Author Topic: E-Mail worm, Anyone?  (Read 711 times)

0 Members and 1 Guest are viewing this topic.

Offline ToecrusherHammerjaw

  • 27
  • Trayus no more.
Hey guys, I'm gonna be away for awhile because 1. I'm going on vacation away from my precious DSL connection, and 2. I got hit by the Mytob E-mail worm.  Very nasty.  Has anyone else got this worm?  If so, how serious is it?  It is Penn State's policy that I have to do a full system reformat before they allow my laptop back online, so I'm gonna do that anyway.  My question here is, what can't I back up other than the system32 folder?  I keep my model pics on a stick and the latest virus scans say that them and my .pof files don't seem affected.  Anyone out there savvy in this matter?  I'd appreciate it.

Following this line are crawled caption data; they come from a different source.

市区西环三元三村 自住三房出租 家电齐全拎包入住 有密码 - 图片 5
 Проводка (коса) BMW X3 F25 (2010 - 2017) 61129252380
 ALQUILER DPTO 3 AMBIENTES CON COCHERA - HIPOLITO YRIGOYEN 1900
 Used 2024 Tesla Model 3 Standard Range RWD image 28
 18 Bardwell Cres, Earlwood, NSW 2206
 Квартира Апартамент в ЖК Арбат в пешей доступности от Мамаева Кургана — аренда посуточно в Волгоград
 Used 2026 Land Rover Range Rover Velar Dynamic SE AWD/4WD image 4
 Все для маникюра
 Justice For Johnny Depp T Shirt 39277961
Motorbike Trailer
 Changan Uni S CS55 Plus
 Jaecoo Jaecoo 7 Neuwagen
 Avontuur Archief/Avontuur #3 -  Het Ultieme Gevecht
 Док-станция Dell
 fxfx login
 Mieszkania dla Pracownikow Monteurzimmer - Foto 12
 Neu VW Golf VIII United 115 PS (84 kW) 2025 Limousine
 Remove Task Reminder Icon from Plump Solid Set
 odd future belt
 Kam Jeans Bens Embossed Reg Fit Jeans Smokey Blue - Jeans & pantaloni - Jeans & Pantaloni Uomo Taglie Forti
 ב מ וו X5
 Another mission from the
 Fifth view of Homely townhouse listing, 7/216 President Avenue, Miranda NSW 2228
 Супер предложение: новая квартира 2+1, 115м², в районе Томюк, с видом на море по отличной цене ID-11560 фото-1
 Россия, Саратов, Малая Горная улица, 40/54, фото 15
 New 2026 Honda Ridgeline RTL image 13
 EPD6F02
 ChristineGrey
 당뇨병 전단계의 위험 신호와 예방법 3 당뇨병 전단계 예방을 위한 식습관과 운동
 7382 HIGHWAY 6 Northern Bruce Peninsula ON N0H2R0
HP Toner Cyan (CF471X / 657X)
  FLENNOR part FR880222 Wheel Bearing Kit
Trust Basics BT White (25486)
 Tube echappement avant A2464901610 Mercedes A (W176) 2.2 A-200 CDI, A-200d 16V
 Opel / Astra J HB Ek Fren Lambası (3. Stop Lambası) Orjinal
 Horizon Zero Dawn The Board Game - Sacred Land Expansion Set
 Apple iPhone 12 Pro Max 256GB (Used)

EDIT:  I am NOT typing from my laptop at the moment.  That would be suicide.  This is from a temporary location.  I have done nothing and will do nothing to endanger the HLP community.
« Last Edit: December 08, 2005, 12:57:55 pm by Trayus »

 
As long as you don't email it'd be ok, is my geuss.

I think you can safely backup anything that isn't executable, contains macros (word documents), orstuff like that. Or just scan the lot before opening it again, it ought to be safe.
just another newbie without any modding, FREDding or real programming experience

you haven't learned masochism until you've tried to read a Microsoft help file.  -- Goober5000
I've got 2 drug-addict syblings and one alcoholic whore. And I'm a ****ing sociopath --an0n
You cannot defeat Windows through strength alone. Only patience, a lot of good luck, and a sledgehammer will do the job. --StratComm

 

Offline Wanderer

  • Wiki Warrior
  • 211
  • Mostly harmless
Looking from the Sophos page it seems rather bad one, but it seems to be copied only to Windows system folder.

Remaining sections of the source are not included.